Discover more from Aaron Ross Powell
Politics for Good People
A philosophy for good lives and skillful politics.
Politics is bad, but why? What is it about politics that consistently produces both toxicity and mediocre results? Why is it so corrosive to our mental health and emotional wellbeing, a place that elevates demagogues, turns us against each other, and doesn’t seem to accomplish the tasks we expect a government to carry out?
After years working in politics, I have an answer: Our approach to politics is both unskillful and unethical. We are, simply, bad at it, and this manifests as incompetence in applying the tools of government and immorality in the ends we use government to achieve.

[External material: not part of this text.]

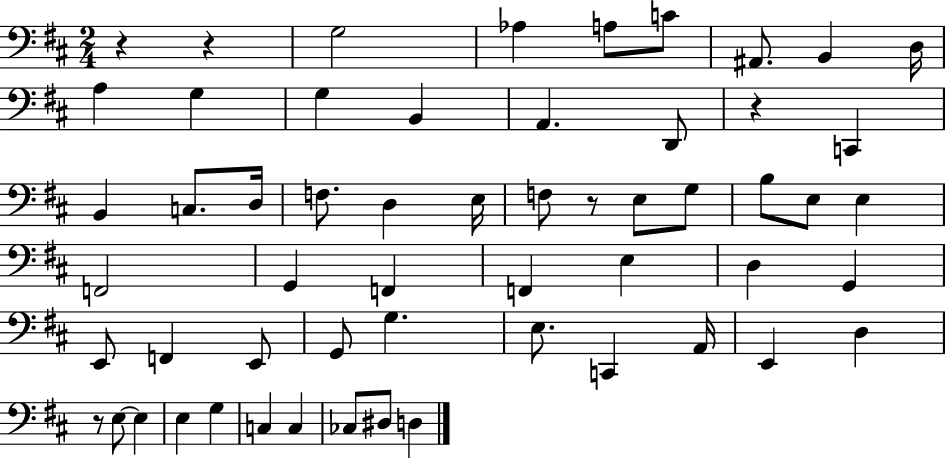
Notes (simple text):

R/q R/q G3/h Ab3/q A3/e C4/e A#2/e. B2/q D3/s A3/q G3/q G3/q B2/q A2/q. D2/e R/q C2/q B2/q C3/e. D3/s F3/e. D3/q E3/s F3/e R/e E3/e G3/e B3/e E3/e E3/q F2/h G2/q F2/q F2/q E3/q D3/q G2/q E2/e F2/q E2/e G2/e G3/q. E3/e. C2/q A2/s E2/q D3/q R/e E3/e E3/q E3/q G3/q C3/q C3/q CES3/e D#3/e D3/q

We need to be more mindful in our political action, and more ethical in our political aims. But to do that, we need a new way of thinking about both. That’s my philosophical project. I want to offer a perspective on politics that I believe is more skillful and more ethical than how most of us go about it. I’ve been developing this argument for a few years now, but not in a systematic way. This essay is the start of correcting it. I’ll present an overview while providing links to other essays I’ve written building out its various parts. (And I’ll add more links as I expand and clarify these ideas in future essays.)
Our Broken Politics
There are two ways our contemporary politics looks broken. The first is just that the political environment is irredeemably toxic. We’re angry all the time—at each other, at outside threats, at inside threats, whether real or, all too often, imagined. Hardening partisanship means seeing half the population as an enemy, and then turning to media sources to confirm just how bad those guys are.

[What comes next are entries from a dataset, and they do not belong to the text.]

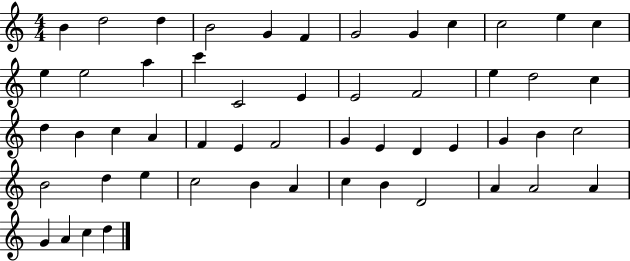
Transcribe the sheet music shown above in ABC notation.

X:1
T:Untitled
M:4/4
L:1/4
K:C
B d2 d B2 G F G2 G c c2 e c e e2 a c' C2 E E2 F2 e d2 c d B c A F E F2 G E D E G B c2 B2 d e c2 B A c B D2 A A2 A G A c d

The second is that the government doesn’t seem capable of accomplishing the things it ought to. So much of what the government does costs more than it ought to, is lower quality than we’d like, crowds out alternatives, is mired in partisan bickering, or is lost among competing interests. We want the government to solve problems, not cause them.

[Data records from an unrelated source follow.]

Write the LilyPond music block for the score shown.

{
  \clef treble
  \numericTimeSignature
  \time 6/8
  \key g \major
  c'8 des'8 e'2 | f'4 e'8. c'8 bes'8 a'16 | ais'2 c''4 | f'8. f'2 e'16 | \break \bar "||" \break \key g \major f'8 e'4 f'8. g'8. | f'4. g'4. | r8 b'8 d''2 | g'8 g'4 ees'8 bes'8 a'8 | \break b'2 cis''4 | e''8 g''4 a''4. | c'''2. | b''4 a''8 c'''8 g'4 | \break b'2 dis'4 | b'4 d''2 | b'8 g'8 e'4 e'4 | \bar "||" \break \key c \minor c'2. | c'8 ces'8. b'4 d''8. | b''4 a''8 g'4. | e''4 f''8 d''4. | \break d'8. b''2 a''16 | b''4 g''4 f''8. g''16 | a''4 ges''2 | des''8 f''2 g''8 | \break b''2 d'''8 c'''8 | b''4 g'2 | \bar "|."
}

Both these vectors of dysfunction have a common source: unskillful politics. When we engage with the political sphere, we do so without skill and without an ethical perspective. The “we” here includes both professionals (politicians, bureaucrats) and ordinary citizens. “Skillful” entails not just knowledge of how to use the tools politics offers in a way that accomplishes our ends, but also an ethical perspective in choosing what those ends are and in how we approach accomplishing them. Without ethics, we will direct politics to immoral ends, and we will contribute to the toxic environment and values that make politics ineffective and encourage and compound unskillful use. Without knowledge and method, our political actions will fail to achieve even worthy ends, or will result in more suffering than they alleviate.
What Politics is For
To get at what it looks like to use politics skillfully, we need to start with the question, “Use for what?” Politics has a purpose, and skillfully employing it means doing so in a way that achieves that purpose well. Of course, this is really a question about what government is for, or what the state is for. Because politics just is the mechanism we use to guide the state in choosing and carrying out its tasks.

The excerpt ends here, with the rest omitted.